%%
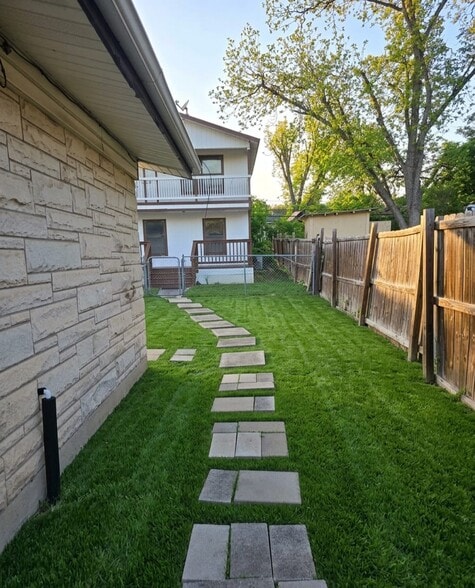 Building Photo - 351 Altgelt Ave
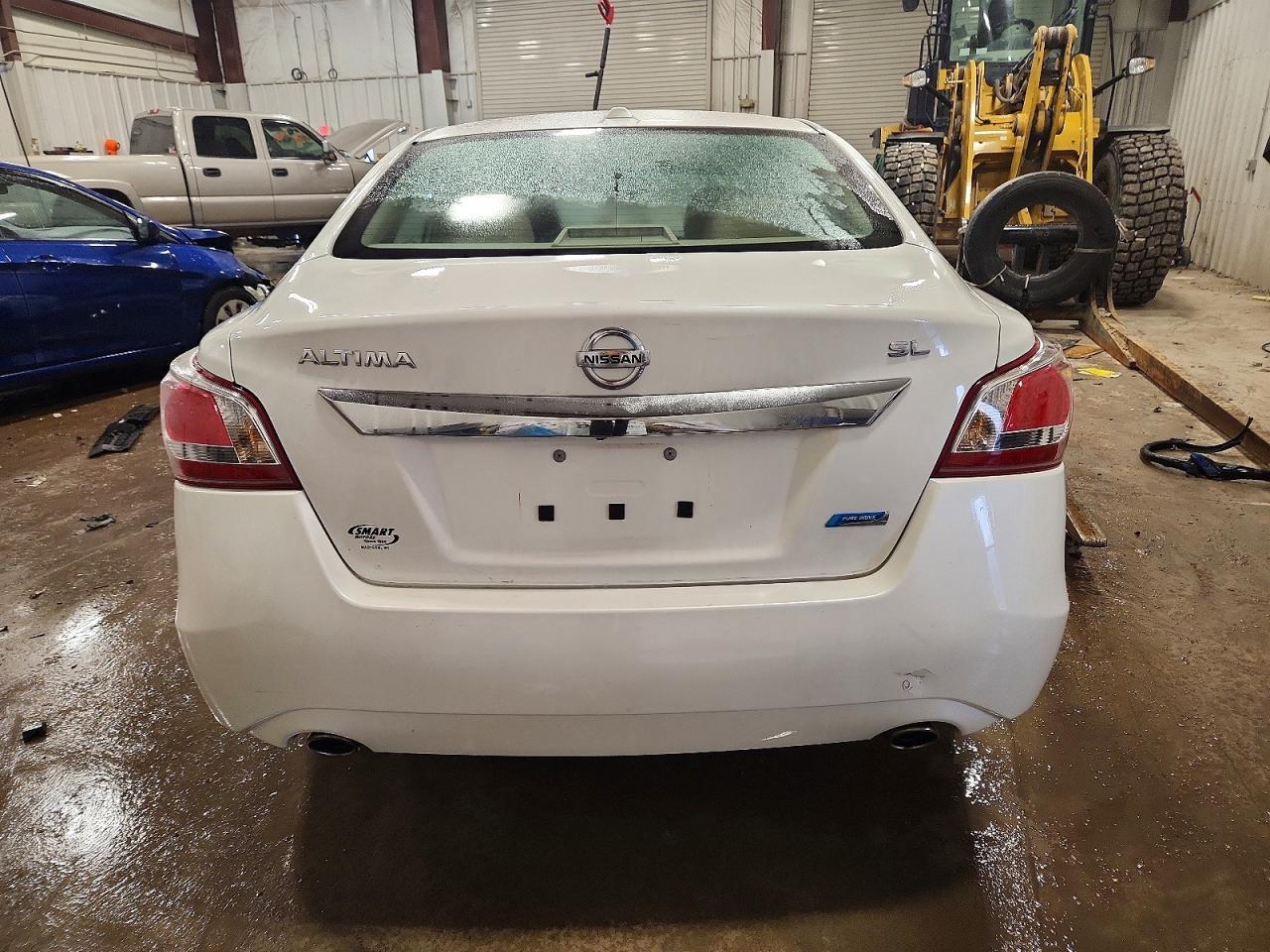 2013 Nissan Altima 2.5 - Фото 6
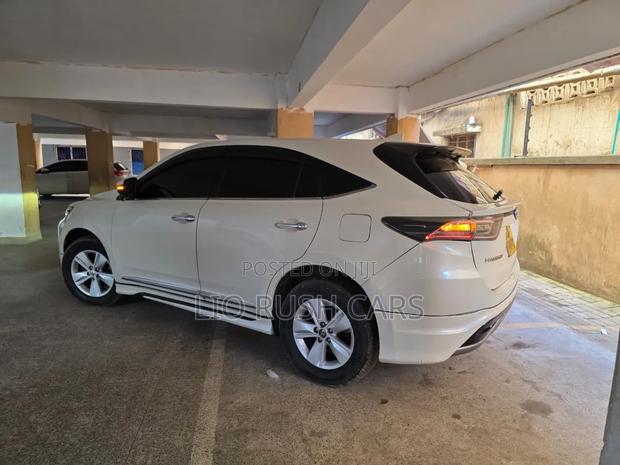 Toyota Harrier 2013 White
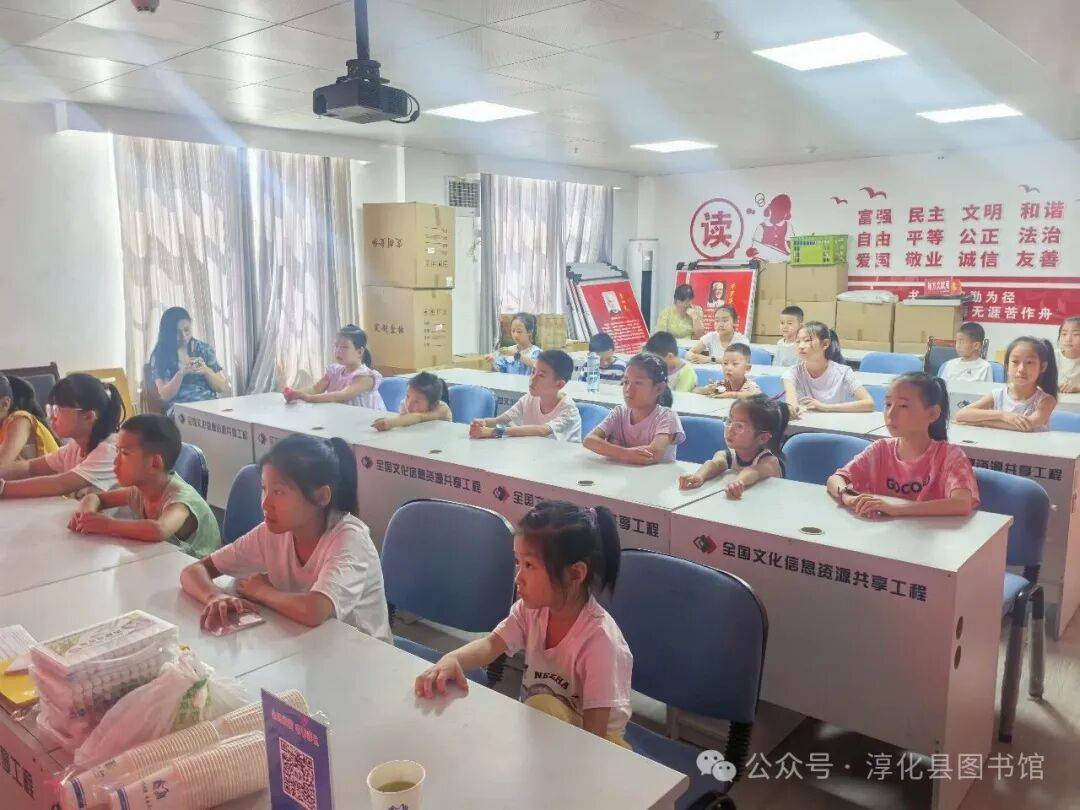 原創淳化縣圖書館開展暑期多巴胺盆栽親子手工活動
%%
WHAT YOU ARE ASKED TO DO: Word for word, restate each line above, minus its pictures.

EXERCISE OUTPUT:
 Building Photo - 351 Altgelt Ave
 2013 Nissan Altima 2.5 - Фото 6
 Toyota Harrier 2013 White
 原創淳化縣圖書館開展暑期多巴胺盆栽親子手工活動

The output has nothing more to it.